Today is the anniversary of the passage of the 14th Amendment in 1868 which guarantees birthright citizenship in the United States.


Passed in both houses of Congress by June 1866 it took more than two years to be ratified by the states.  Every former Confederate state opposed its ratification until Congress made it a condition for readmission to the Union and the seating of southern Congressmen.  Citizenship for freedmen and women in the South opened the possibility of African American men voting and holding office, something anticipated eagerly by the Republican party, depicted here on the cover of Harper's Weekly as the amendment gained support throughout 1867.

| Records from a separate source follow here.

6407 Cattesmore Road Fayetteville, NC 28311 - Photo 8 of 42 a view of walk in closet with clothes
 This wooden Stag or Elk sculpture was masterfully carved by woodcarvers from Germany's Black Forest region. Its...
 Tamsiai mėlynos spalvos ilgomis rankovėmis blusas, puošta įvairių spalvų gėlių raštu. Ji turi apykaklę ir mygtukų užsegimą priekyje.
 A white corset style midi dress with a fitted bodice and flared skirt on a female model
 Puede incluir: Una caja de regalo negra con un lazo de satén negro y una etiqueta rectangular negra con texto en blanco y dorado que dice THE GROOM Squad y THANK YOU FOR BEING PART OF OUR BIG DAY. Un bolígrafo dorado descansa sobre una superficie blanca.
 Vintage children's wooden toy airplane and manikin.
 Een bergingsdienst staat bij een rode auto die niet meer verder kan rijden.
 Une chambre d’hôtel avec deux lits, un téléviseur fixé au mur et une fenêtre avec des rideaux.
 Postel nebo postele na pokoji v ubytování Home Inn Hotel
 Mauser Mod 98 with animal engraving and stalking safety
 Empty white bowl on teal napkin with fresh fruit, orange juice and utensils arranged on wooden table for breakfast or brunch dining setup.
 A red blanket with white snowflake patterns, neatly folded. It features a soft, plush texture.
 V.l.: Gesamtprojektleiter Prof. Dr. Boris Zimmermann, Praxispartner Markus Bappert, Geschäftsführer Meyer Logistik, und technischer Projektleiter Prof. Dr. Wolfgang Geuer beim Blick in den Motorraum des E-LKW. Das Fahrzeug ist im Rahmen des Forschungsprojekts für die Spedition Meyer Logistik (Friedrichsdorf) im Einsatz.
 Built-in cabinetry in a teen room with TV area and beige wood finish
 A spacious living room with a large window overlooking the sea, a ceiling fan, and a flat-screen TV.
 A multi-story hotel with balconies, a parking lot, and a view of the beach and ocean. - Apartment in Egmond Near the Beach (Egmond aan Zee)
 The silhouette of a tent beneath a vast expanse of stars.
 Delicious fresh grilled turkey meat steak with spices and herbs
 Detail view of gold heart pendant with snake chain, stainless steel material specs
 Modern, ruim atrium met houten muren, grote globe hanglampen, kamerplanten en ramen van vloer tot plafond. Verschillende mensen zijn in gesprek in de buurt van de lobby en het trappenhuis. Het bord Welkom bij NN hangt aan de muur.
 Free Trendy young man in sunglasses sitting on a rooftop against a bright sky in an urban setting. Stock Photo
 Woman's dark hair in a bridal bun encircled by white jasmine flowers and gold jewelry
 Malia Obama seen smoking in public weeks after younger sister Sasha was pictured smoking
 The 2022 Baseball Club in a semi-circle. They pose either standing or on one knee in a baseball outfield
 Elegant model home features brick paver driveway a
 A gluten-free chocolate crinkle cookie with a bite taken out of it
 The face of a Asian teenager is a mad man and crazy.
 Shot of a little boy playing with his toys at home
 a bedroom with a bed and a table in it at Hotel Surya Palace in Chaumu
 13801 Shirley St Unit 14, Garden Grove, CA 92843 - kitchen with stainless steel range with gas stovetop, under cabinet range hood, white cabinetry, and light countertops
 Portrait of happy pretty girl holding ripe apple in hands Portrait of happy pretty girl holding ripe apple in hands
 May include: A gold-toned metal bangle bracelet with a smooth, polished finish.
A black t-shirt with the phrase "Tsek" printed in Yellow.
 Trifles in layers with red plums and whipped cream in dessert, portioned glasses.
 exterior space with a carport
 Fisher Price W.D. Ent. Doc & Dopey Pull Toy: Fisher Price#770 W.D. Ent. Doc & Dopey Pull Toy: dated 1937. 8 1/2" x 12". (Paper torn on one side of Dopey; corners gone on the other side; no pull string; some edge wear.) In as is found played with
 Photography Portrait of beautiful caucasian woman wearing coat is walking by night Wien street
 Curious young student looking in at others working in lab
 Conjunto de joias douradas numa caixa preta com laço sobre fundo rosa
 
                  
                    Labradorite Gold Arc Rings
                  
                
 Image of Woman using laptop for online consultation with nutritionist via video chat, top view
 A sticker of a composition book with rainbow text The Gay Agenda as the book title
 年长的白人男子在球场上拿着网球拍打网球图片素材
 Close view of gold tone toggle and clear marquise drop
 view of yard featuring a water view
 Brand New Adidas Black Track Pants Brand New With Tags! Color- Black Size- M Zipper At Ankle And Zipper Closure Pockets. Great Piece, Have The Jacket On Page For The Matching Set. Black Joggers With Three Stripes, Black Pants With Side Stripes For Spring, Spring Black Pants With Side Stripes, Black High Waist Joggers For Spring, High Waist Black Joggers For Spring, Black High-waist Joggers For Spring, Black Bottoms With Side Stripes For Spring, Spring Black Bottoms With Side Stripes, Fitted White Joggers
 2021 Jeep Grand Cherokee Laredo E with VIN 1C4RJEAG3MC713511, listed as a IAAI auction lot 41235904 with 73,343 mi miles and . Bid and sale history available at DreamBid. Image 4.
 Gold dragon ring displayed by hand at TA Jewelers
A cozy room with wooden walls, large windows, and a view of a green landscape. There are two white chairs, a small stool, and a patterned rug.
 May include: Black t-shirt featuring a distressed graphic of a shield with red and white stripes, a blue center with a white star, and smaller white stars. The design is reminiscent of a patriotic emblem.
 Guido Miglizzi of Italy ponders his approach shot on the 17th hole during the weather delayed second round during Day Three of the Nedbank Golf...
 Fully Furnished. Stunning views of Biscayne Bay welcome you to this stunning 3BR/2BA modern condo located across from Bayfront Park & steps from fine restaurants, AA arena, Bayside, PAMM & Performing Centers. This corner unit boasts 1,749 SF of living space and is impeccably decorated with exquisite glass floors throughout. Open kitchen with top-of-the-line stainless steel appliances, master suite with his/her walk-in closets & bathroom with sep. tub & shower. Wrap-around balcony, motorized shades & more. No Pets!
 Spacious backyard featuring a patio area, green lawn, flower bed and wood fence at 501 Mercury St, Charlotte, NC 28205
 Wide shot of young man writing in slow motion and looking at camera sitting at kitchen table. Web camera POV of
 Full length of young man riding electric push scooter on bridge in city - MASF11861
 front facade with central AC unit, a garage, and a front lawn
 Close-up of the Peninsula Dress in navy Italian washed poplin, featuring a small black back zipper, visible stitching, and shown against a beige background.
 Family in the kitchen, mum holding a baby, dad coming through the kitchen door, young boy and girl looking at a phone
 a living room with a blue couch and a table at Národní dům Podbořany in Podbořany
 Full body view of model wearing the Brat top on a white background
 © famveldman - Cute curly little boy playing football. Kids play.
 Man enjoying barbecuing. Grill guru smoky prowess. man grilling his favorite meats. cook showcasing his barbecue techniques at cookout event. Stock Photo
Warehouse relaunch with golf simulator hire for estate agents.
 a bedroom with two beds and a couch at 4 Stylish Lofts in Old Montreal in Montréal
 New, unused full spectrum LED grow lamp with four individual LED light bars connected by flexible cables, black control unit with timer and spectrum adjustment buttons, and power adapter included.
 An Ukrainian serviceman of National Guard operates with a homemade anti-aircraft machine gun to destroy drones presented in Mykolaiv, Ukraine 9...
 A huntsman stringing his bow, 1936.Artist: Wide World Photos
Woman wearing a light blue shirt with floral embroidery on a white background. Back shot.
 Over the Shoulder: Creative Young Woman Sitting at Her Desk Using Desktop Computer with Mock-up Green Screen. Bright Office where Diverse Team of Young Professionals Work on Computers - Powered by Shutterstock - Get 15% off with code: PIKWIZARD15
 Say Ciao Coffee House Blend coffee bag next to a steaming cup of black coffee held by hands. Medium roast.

Not everyone, of course, welcomed African American votes, particularly California Democrats who would soon push for the closure of Asian immigration to the state out of fear that the 14th Amendment would make citizens of the children of immigrants.  Below is a typical anti-Republican cartoon trading on anxieties about the 14th Amendment's impact on the citizenship rights of blacks, Native Americans, and Asian immigrants.


From the LOC description:  "A satire aimed at California Republican gubernatorial nominee George C. Gorham's espousal of voting rights for blacks and other minorities. Brother Jonathan (left) admonishes Gorham, "Young Man! read the history of your Country, and learn that this ballot box was dedicated to the white race alone. The load you are carrying will sink you in perdition, where you belong, or my name is not Jonathan." He holds his hand protectively over a glass ballot box, which sits on a pedestal before him. At center stands Gorham, whose shoulders support, one atop the other, a black man, a Chinese man, and an Indian warrior. The black man complains to Gorham, ". . . I spose we'se obliged to carry dese brudders, Kase des'se no stinkshun ob race or culler any more, for Kingdom cum." Gorham replies, "Shut your mouth Cuffy--you're as indiscreet as Bidwell [another gubernatorial nominee] and Dwinelle--here's the way I express it--T̀he war of opinion is not yet fought through. It must go on until national citizenship shall no longer be controlled by local authority, and "Manhood alone" shall be the test of the right to a voice in the Government.'"Chinese man: "Boss Gollam belly good man. He say chinaman vo-tee all same me1ican man--Ketch--ee mine all same--no pay taxee--belly good." Indian: "Chemue Walla! Ingen vote! plenty whisky all time--Gorom big ingin." At right a man in a top hat, holding a monkey on a leash, calls out mockingly, "Say, Gorham! put this Brother up."

The 14th Amendment did ultimately empower African Americans to participate in the electoral process, but racial obstacles to black voting and office holding led to the 15th Amendment's passage which would guarantee freedman the right to vote in 1870.  Below is a water color lithograph celebrating the men who pressed during the 1860s and 1870s including Head-and-shoulders portraits of Frederick Douglass, Robert Brown Elliott, Blanche K. Bruce, William Wells Brown, Md., Prof. R.T. Greener, Rt. Rev. Richard Allen, J.H. Rainey, E.D. Bassett, John Mercer Langston, P.B.S. Pinchback, and Henry Highland Garnet.